George Post with his three sons: William (Sr.), Nathan, and Charles, as well as his grandson William (Jr.) made the journey. Nathan returned to Long Island, but later went back to California. He is enumerated in the 1860 U.S. Census with his first wife Elizabeth. The 1900 U.S. Census lists Nathan and his second wife Fanny in San Francisco. He died Aug. 21, 1912 in San Francisco, and was cremated in Stockton, California.

Henry Rhodes spent most of his time sick on the ship, after returning from the Sacramento camp in September 1849. He never reached the gold mining fields!

Horatio and Noel Rogers were passengers, and not part of the Company, but Noel worked for his passage as a seaman. James Rogers was a stockholder; his fate is unknown. Albert Rogers got sick, and traveled by steamer from the Sacramento camp in September, 1849 with David Hand back to the ship.

On Jan. 25, 1850, Henry Ross, a half-shore seaman, died on-board the Sabina. Four weeks prior, he returned sick from the mines with $2,000 worth of gold dust made by trading at the mines. There is no mention of what happened to Ross’ gold dust in Captain Green’s journal!

Charles Sealy (b. 1818) made it back to the Island, and is listed in the 1850 U.S. Census for Shelter Island with his wife Nancy.

Thomas Warren and William White were among the 20 stockholders who attended the April 3, 1850 meeting held by the available remaining members.

Edward White (Jr.) was sick on the ship on Oct. 10. Edward White died after his long illness, and was buried in California. This is all that was written in the journal for November 1849. Edward White (Sr.) died, and was probably related to the Cold Spring Whaling Company’s Eli White, master of the Tuscarora in 1841 and 1843, the Sheffield (1846) and the Alice (1851) ships.

John Woodward had returned sick from the Sacramento camp to the ship in September 1849. He was also sick on the ship on Oct. 10, and is said to have died.

The captain made a second trip to San Francisco on Feb. 23, and spent 21 days. He also sent for Charles Green, who spent a week. They visited their four cousins, who were on-board the Sheffield (ship) owned by the Cold Spring Harbor Company. The Sheffield (ship) had left its Cold Spring Harbor port with the Green cousins, and Franklin Jessup’s brother, Isaac on Aug. 17, 1849 to sail the whaling grounds in the South Pacific, Sea of Okhotsk, as well as the Bering Straits in search of whales, and would not return back to Long Island until Jan. 23, 1854.

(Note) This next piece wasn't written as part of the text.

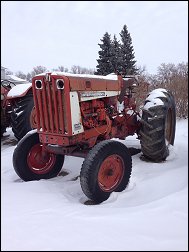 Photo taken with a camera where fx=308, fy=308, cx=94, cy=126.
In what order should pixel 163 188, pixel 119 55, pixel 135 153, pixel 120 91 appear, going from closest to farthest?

On March 16, 1850, Captain Green wrote that he returned to the ship, finding that John Crook had signed on a ship in San Francisco, and died about a week after it got to sea.

It was the rainy season when Captain Green on March 21 went a third time to San Francisco. Upon his April 1 return, he found that all the men were in good health, and making preparations to go mining.

The captain mentioned things started out right, however “gold fever greed” began to take over infecting the team. He continued, “I, the greatest stockholder in the company, should not have shipped as I did.” His journal continued, “to dispose of my property at 300 or 400 percent less than it will fetch in the market”.

On April 3, a stockholders’ meeting was held by the surviving 20 members. They passed a resolution for the Sabina to sail to San Francisco, and be sold. They appointed a committee of five to manage how the ship and its store shall be disposed. Once again, Captain Green took charge of the ship Sabina!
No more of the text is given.